Specjalizujesz się w Bilardzie Artystycznym (inaczej: trickshot), który polega na pokazywaniu trików. Bilard artystyczny obejmuje 8 kategorii – wyjaśnij, na czym polega Stroke, w którym zdobyłeś tytuł mistrza świata..?
Zagrania Stroke to najbardziej techniczne zagrania w Bilardzie Artystycznym. To uderzenia, gdzie trzeba nadać białej bili niesamowicie trudną do wykonania rotację.
Zanim do tego doszło, zajmowałeś się bilardem klasycznym – i to praktycznie od dziecka. W 1996 roku w Fuerth (Niemcy) zdobyłeś brązowy medal drużynowo (pierwszy medal drużynowy na Mistrzostwach Europy Juniorów w historii Polskiego Bilarda), a w następnym w Helsinkach indywidualnie w mistrzostwach Europy juniorów w pool bilardzie (pierwszy medal indywidualny na MEJ w historii Polskiego Bilarda). Zdobyłeś łącznie 2 tytuły mistrza Polski seniorów. Skąd wzięło się Twoje zainteresowanie bilardem – który, jakby nie było, wtedy był głównie dyscypliną „barową” i jak wyglądały początki?
Moja pierwsza styczność z bilardem miała miejsce 26 lat temu.
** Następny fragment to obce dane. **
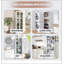 Armoire de cuisine en métal - 72 po de hauteur avec 5 tablettes réglables, armoire autoportante pour cuisine / garde-manger / salle de bain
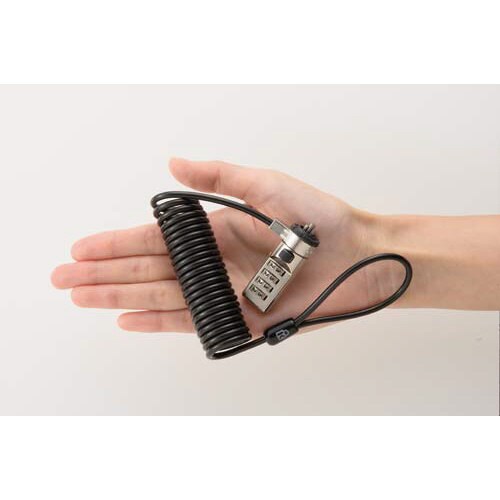 コンパクトワンプッシュダイヤルロック コイル式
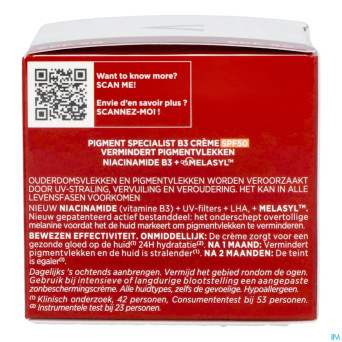 Vichy liftactiv creme b3 a/taches brunes ip50 50ml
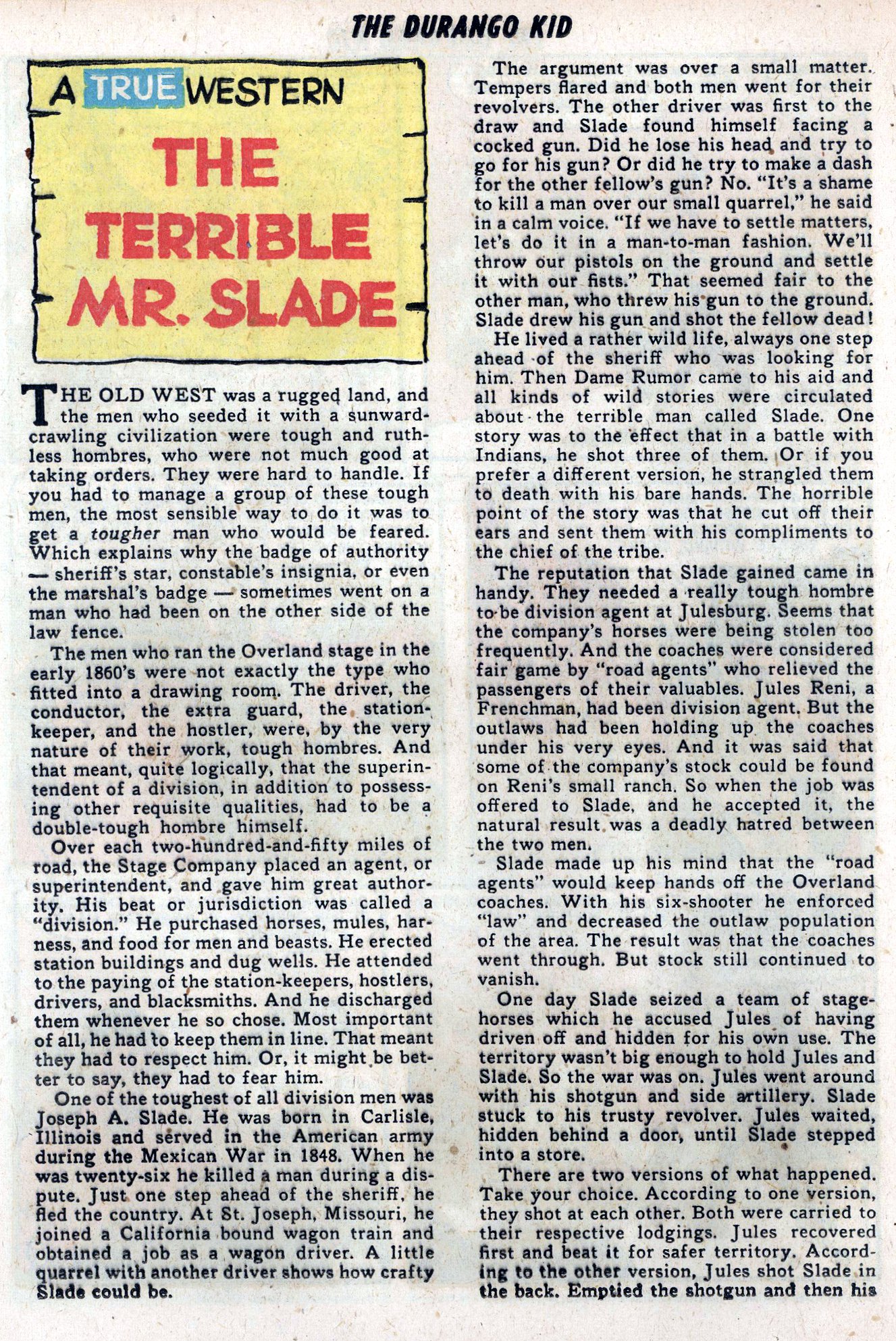 Read online Charles Starrett as The Durango Kid comic -  Issue #11 - 24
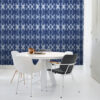 ESTAhome tapeet tie-dye shibori muster teksad - indigo sinine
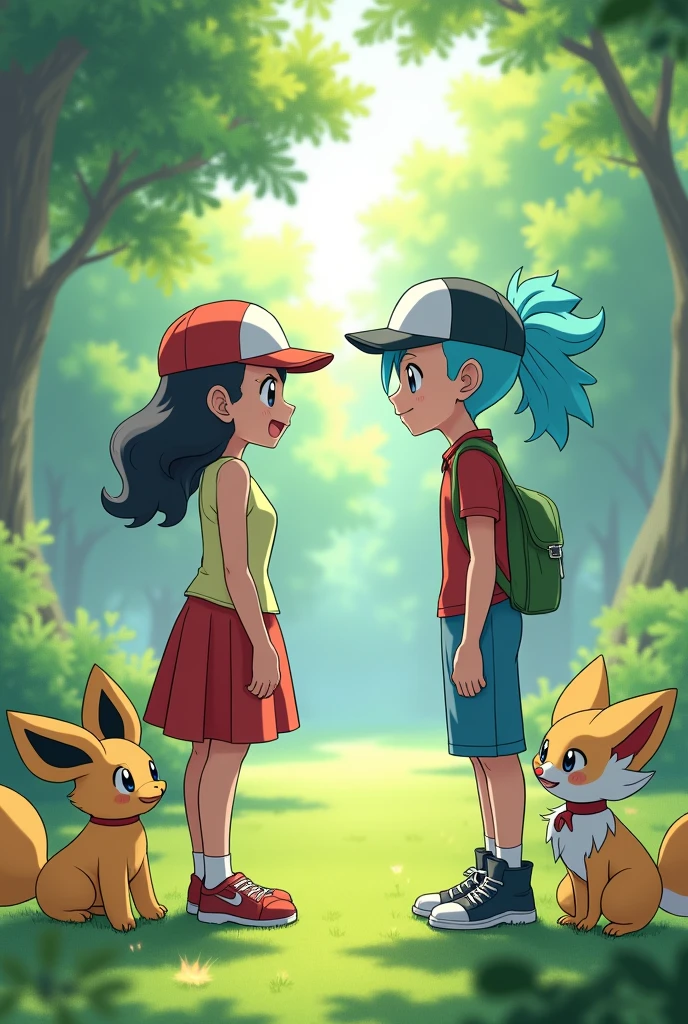 Make misty and serena meet for the first time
Byliśmy wtedy z moimi rodzicami na nartach w Zakopanem i wieczorem poszliśmy do klubu bilardowego.
Byłem zawsze niski, więc by grać, musiałem wtedy stawać na krzesełku.
Ta gra spodobała mi się od pierwszego uderzenia i stwierdziłem wtedy, że chciałbym grać częściej. Tu chylę czoła moim rodzicom, którzy niesamowicie wspierali mnie w mojej pasji. Dzięki ich wsparciu, poświęceniu swojego prywatnego czasu (jeździli ze mną na wszystkie zawody), mogłem realizować swoje marzenia. Oczywiście pierwsze lata to głównie mozolny trening, podpatrywanie lepszych zawodników i wyciąganie wniosków z przegranych meczy.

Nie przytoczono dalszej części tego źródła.